Jamieson-Fausset-Brown Commentary

Daniel 9:4

_ _ my confession — according to God’s promises in Leviticus 26:39-42, that if Israel in exile for sin should repent and confess, God would remember for them His covenant with Abraham (compare Deuteronomy 30:1-5; Jeremiah 29:12-14; James 4:10). God’s promise was absolute, but prayer also was ordained as about to precede its fulfillment, this too being the work of God in His people, as much as the external restoration which was to follow. So it shall be at Israel’s final restoration (Psalms 102:13-17). Daniel takes his countrymen’s place of confession of sin, identifying himself with them, and, as their representative and intercessory priest, “accepts the punishment of their iniquity.” Thus he typifies Messiah, the Sin-bearer and great Intercessor. The prophet’s own life and experience form the fit starting point of the prophecy concerning the sin atonement. He prays for Israel’s restoration as associated in the prophets (compare Jeremiah 31:4, Jeremiah 31:11, Jeremiah 31:12, Jeremiah 31:31, etc.) with the hope of Messiah.
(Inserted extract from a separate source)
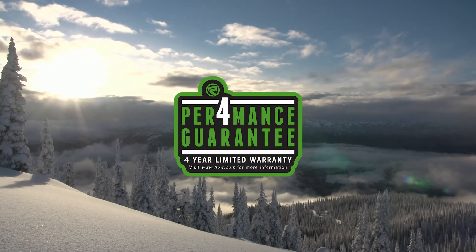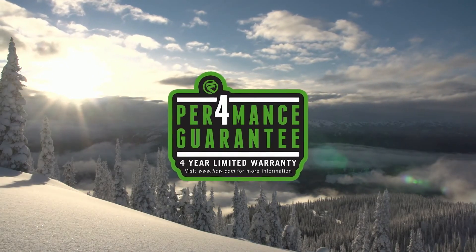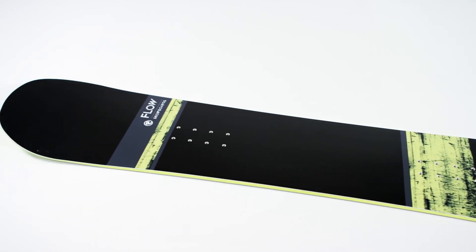This board also offers our four-year performance guarantee, underlining how much we back the quality of our snowboards, and lets you know that your new board will be free from defects in materials and workmanship. If you are looking for a fun, easy-riding true twin board, the Viper may be just for you.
The revelation, now granted, analyzes into its successive parts that which the prophets, in prophetical perspective, heretofore saw together in one; namely, the redemption from captivity, and the full Messianic redemption. God’s servants, who, like Noah’s father (Genesis 5:29), hoped many a time that now the Comforter of their afflictions was at hand, had to wait from age to age, and to view preceding fulfillment's only as pledges of the coming of Him whom they so earnestly desired to see (Matthew 13:17); as now also Christians, who believe that the Lord’s second coming is nigh, are expected to continue waiting. So Daniel is informed of a long period of seventy prophetic weeks before Messiah’s coming, instead of seventy years, as he might have expected (compare Matthew 18:21, Matthew 18:22) [Auberlen].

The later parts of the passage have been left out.